3. Sign-off and Filing
The third stage of the bankruptcy process is where you review the petition. In this stage you and I will sit down and carefully go over every page of the petition to ensure it is accurate. Remember, this is your petition and your case, and you are responsible for ensuring it is completely accurate. Once the review is complete, you will need to sign and date the forms in multiple locations. Once it has been signed, your I will file it electronically through the Court’s Electronic Filing System (ECF).
Once the case is filed, you will also have to complete a credit counseling course online for which I can give you the instructions. This will also not cost you anything if you have retained my office to represent you.
If you are filing under Chapter 13, then the monthly trustee payments start immediately after filing. Also, if you intend to keep a car or a house, then payments on the loan for these items must continue to be made after filing the petition. If you fall behind on these payments, the creditors will get permission from the Court to foreclose on the house or repossess the car.
4. Meeting of Creditors
The next stage is what is called the “Meeting of Creditors” or 341 Hearing, which refers to the section of the Bankruptcy Code which requires this meeting. It is not held in a court, you do not appear in front of a judge, and you are not going to be cros–examined or yelled at, and I will be sitting right next to you at the table. You will be meeting with the bankrtupcy trustee who administers the case on behalf of the Court. This is normally the only time you need to appear in person for anything in the case, which is usually held in a hearing room at federal building located at 777 Sonoma Avenue, Santa Rosa, California, 95404.

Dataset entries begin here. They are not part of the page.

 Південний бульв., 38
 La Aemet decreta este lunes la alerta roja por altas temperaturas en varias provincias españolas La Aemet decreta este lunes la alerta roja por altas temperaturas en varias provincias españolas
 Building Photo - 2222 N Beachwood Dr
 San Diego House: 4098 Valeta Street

You must have a current photo ID and social security card with you at the hearing.
This hearing is usually three to four weeks after the petition is filed. You will be under oath, and the Trustee will ask you a series of questions to verify your identity, verify that you filed the case, and also to ensure the petition is accurate and complete. If there are any problems, the Trustee usually contact me in advance, and we can resolve them prior to the hearing. If there is an unexpected problem, the worst that can happen is that the trustee asks for more information, and we have to come back again after we get that information to them.
Creditors can also ask you questions at this hearing if they chose to. It extremely unusual for creditors to show up at this hearing, but it does happen. This is especially true if you have an ex-spouse who is upset with you, or a creditor that is very angry about the case. If they become rude or hostile, I will be sitting right next you, and I can promise you that I can be very loud and aggressive too if they start to behave inappropriately. They are limited to asking you questions about the bankruptcy case, and nothing else.

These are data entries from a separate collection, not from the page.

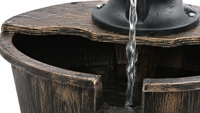 Fontaine de jardin à bassin unique avec bec verseur décoratif à pompe manuelle, bol en imitation bois, décoration aquatique pour patio extérieur et jardin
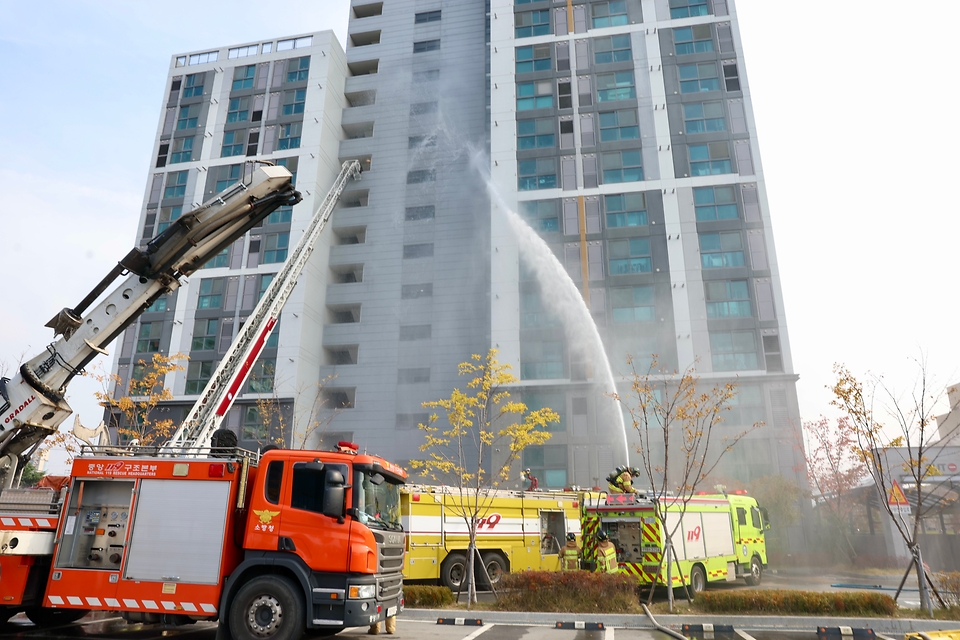 20일 전북 전주 덕진구에서 행전안전부 주관하는 ‘레디코리아’ 전기차 화재대응훈련이 실시되고 있다.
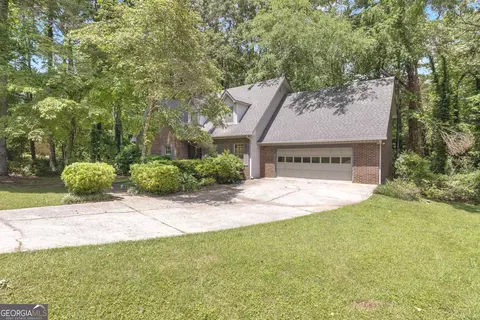 Exterior - 886 Pine Needle Rd, Hampton, GA 30228 photo 2 of 10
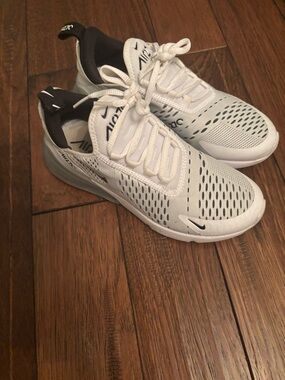 Nike Air Max 270 Womens Athletic Sneakers - White/Black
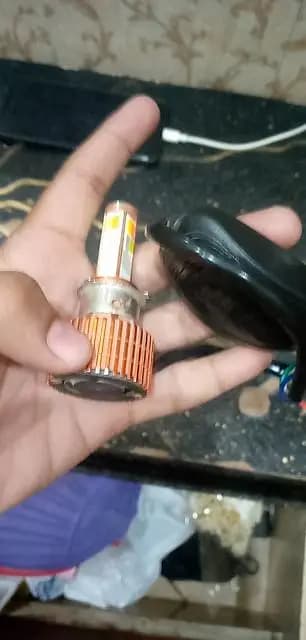 Head light with four colours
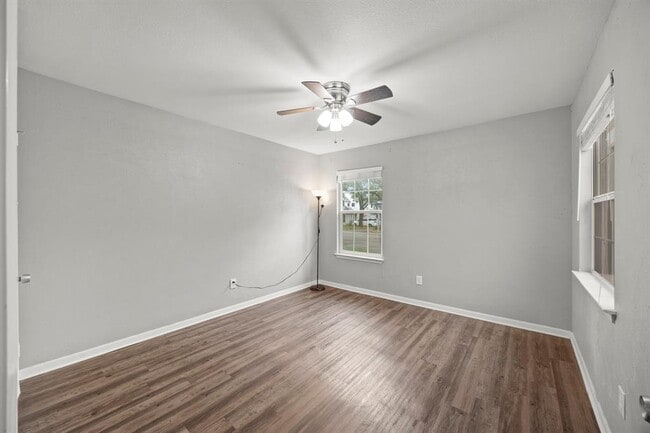 Building Photo - 8330 Fathom Cir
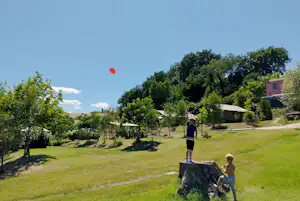 Camping Suasa - Kinder spielen auf dem Campingplatz
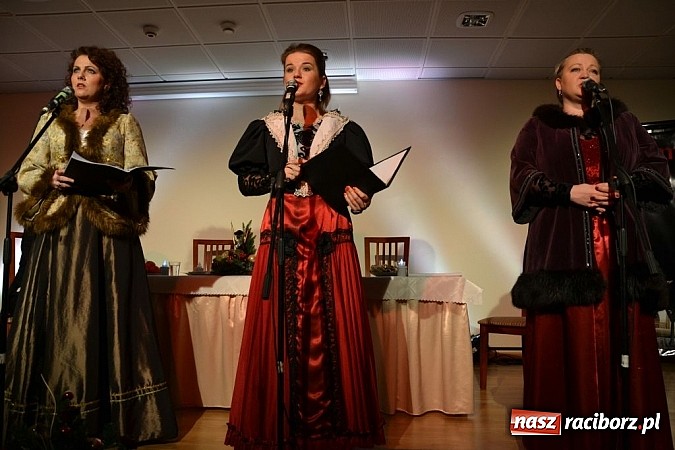 Zdjęcie w galerii na portalu naszraciborz.pl: Z wesołą nowiną - biesiada wigilijna na zamku wiadomości z regionu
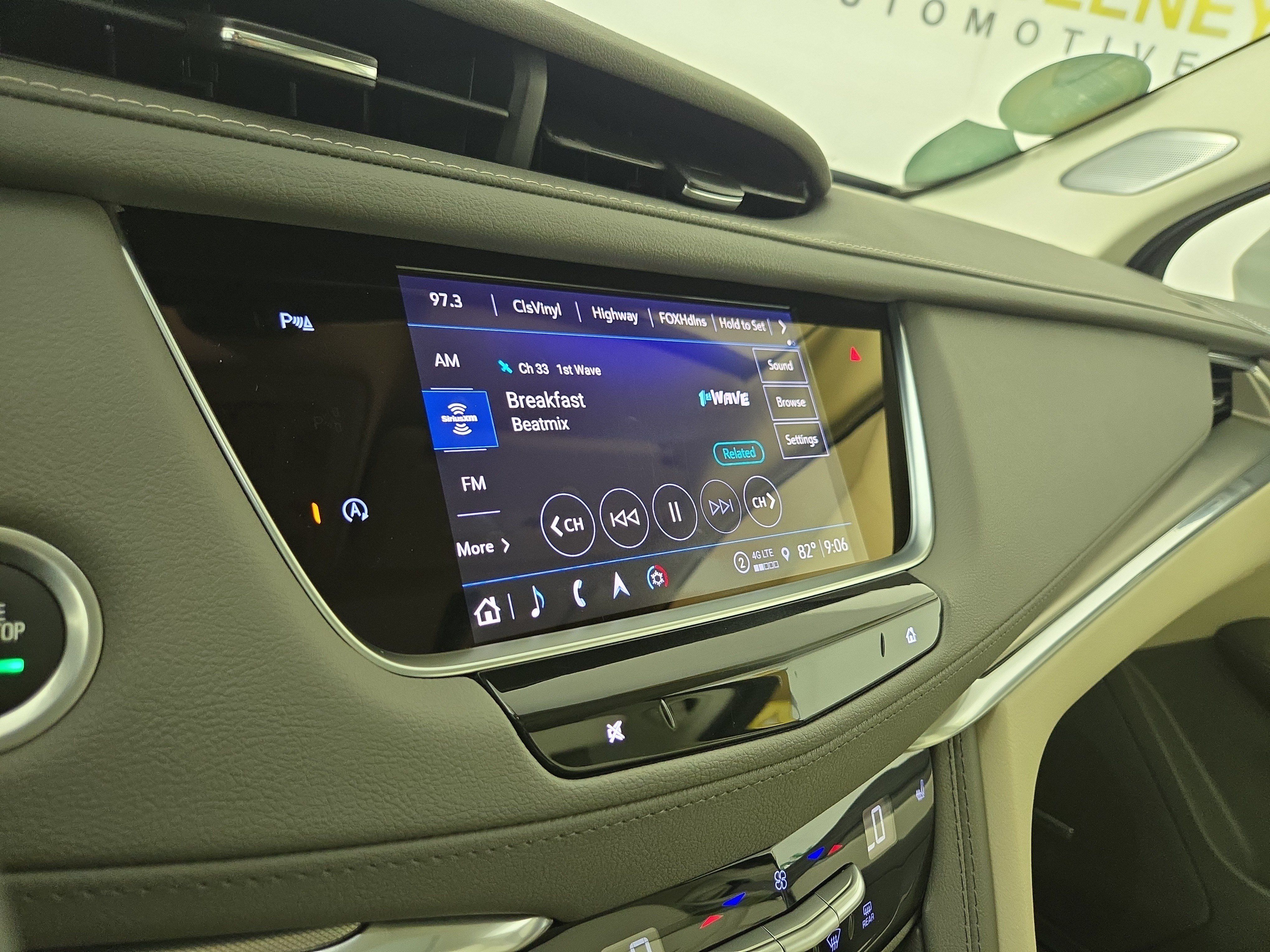 Used 2024 Cadillac XT5 Premium Luxury AWD/4WD image 19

Following the 341 hearing, there will be a series of procedural steps depending on which chapter you have filed under. Most of these will be handled by my office and do not require anything further from you.
In a Chapter 7 case, there will be a report from the trustee to the Judge recommending discharge of your debts. After reviewing the Trustee report, the Judge will issue a discharge order approximately 60 days after the 341 hearing.

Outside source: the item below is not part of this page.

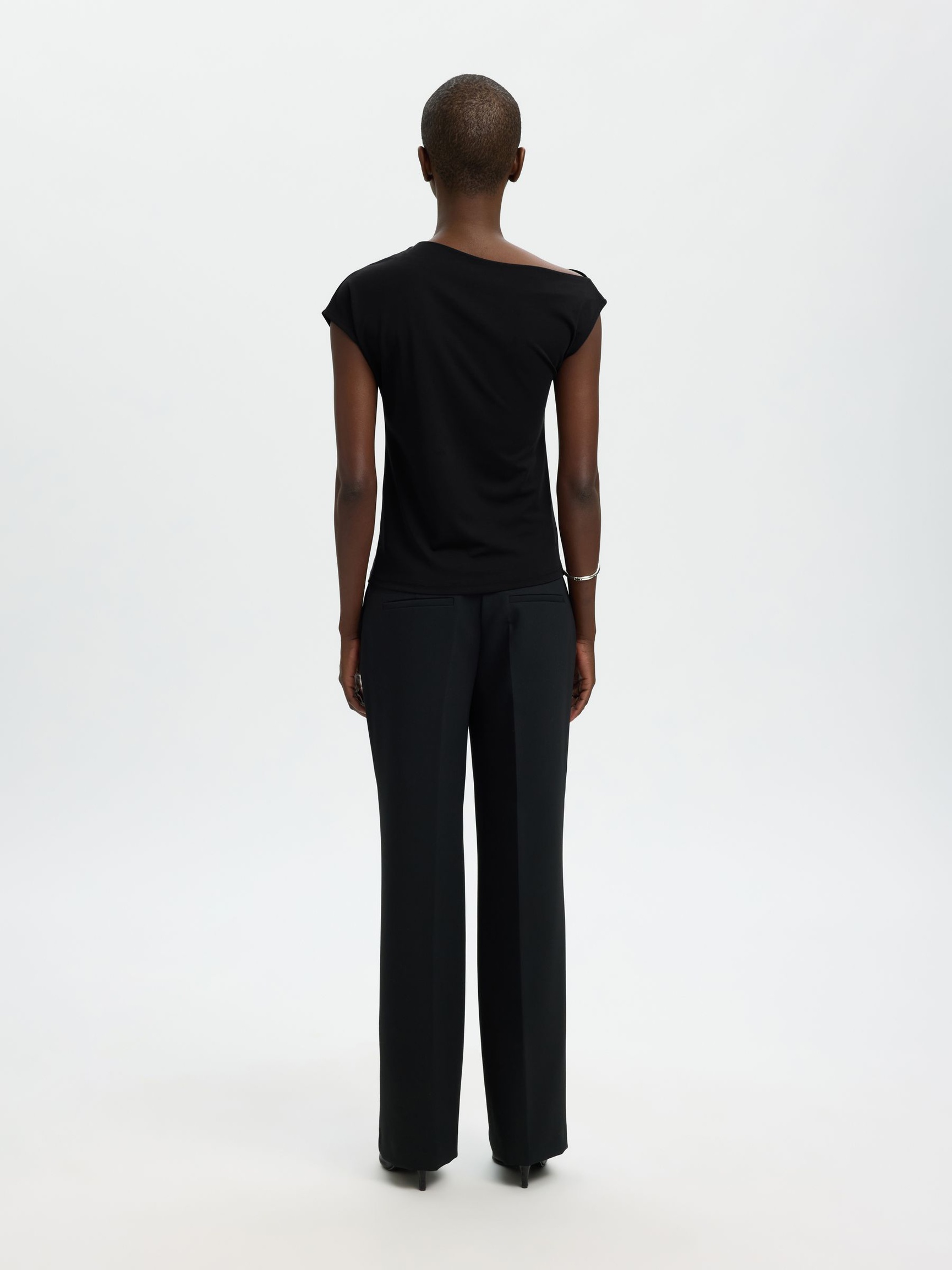 ASYMMETRISCH TOP MET KORTE MOUWEN, Black, highres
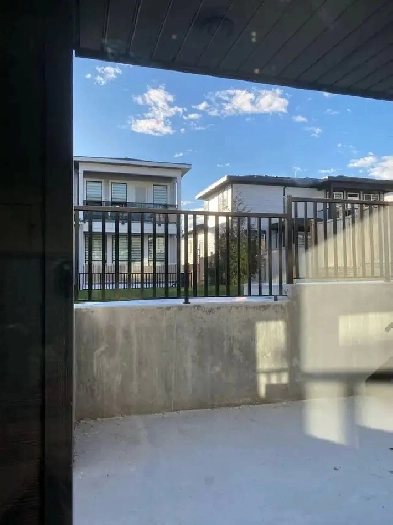 Bright spacious 2 bedroom suite in new home /Fleetwood Image# 1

If you are filing under Chapter 13, there will be a confirmation hearing about three to four weeks after the Meeting of Creditors, and you do not need to attend this hearing. This hearing is where the trustee makes a recommendation to the Judge whether the Chapter 13 plan will work or not, and if yes, the plan is then confirmed. If there are any issues the confirmation will be continued until a later date so they can be resolved.
Once the case is confirmed, you will need to make all of the Trustee payments by the 20th of each month for the full duration of the plan, which can be up to five years long. Only after all payments are completed will you receive a discharge order from the Judge.